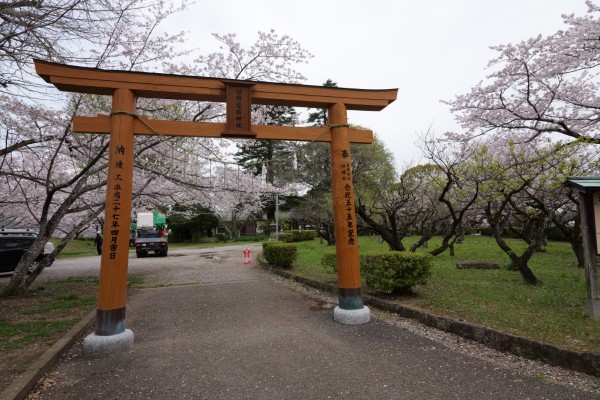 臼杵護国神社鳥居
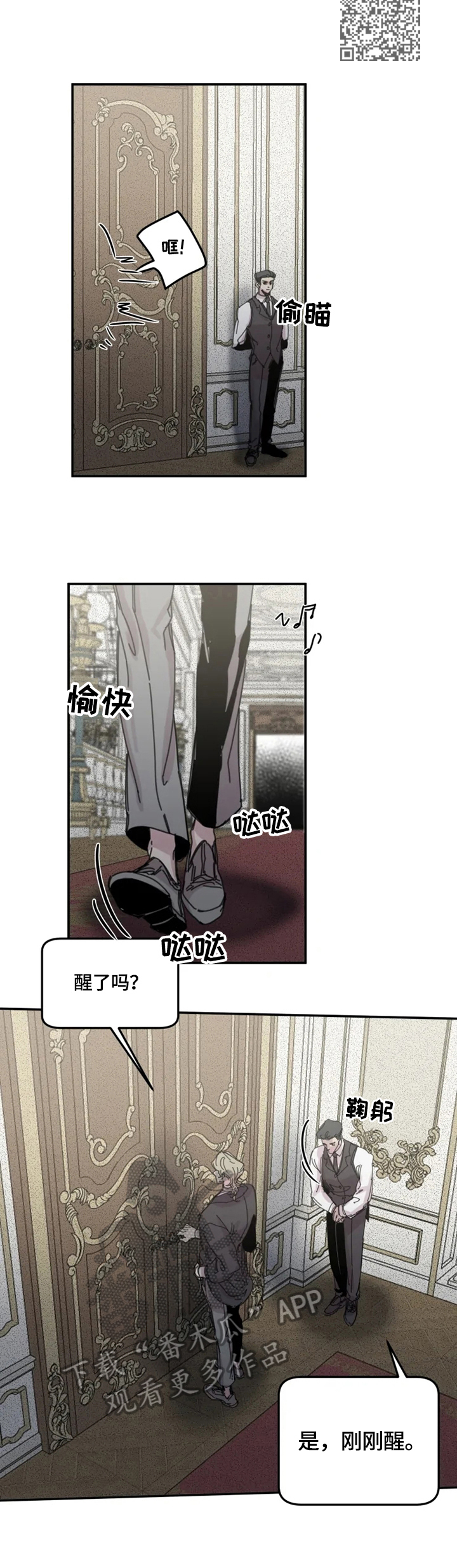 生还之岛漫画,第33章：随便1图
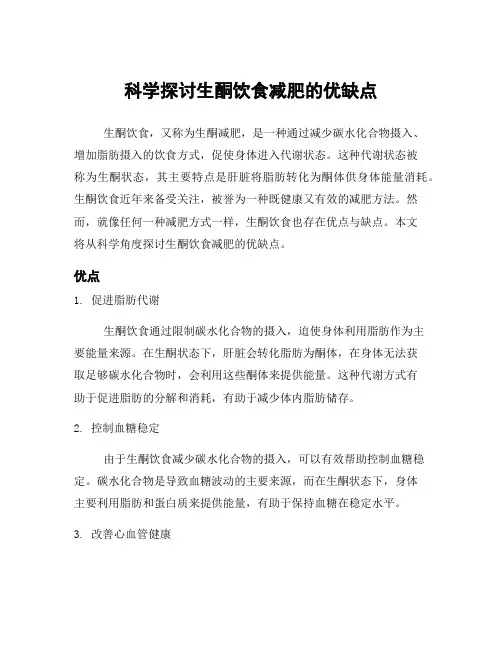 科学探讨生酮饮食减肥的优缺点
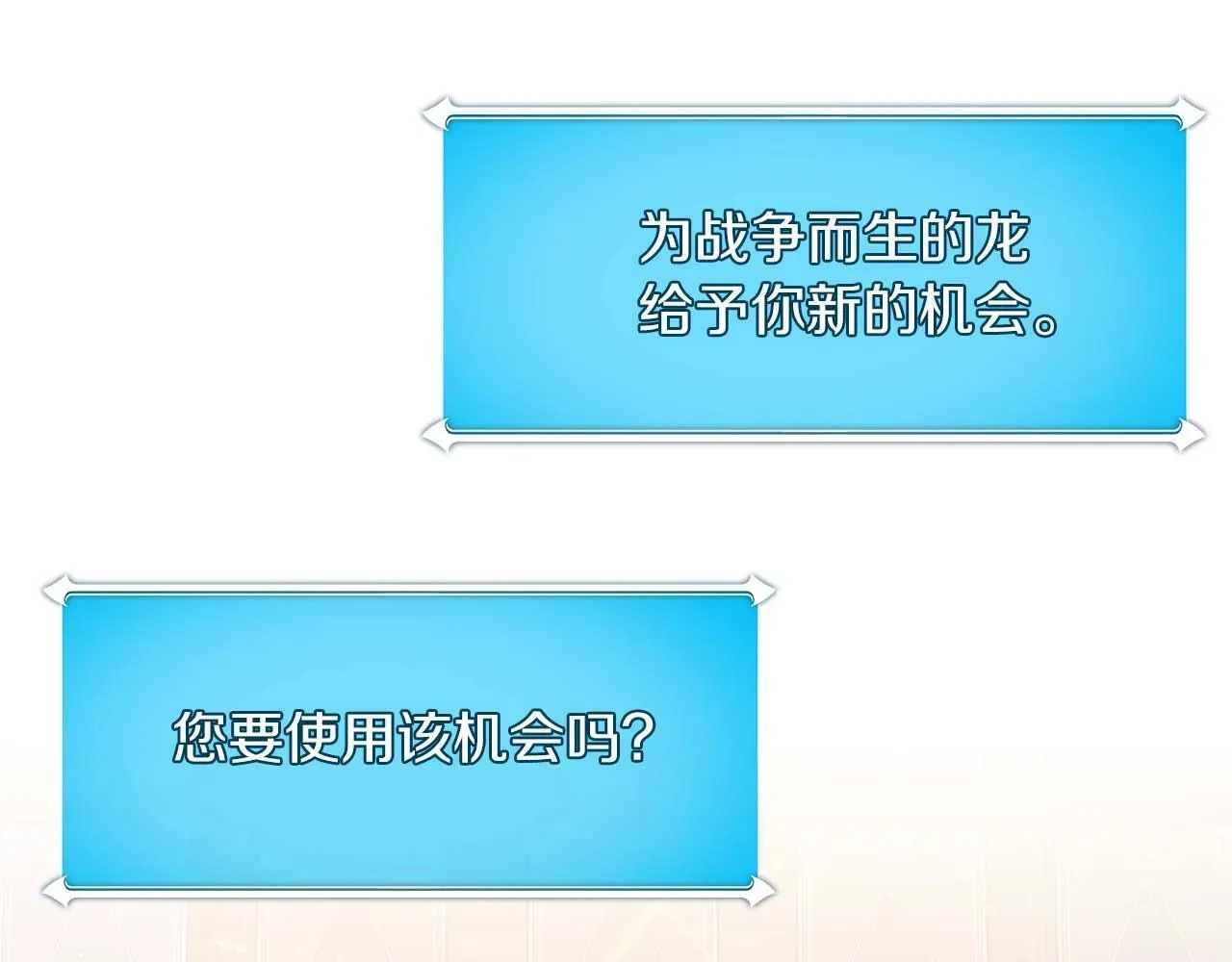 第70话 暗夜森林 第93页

* **Assignment**
What is needed is an exact copy of every line from the one with "生还之岛漫画,第33章：随便1图" to the end of the listing above, with the pictures left out.

* **Answer space**
 生还之岛漫画,第33章：随便1图
 科学探讨生酮饮食减肥的优缺点
 第70话 暗夜森林 第93页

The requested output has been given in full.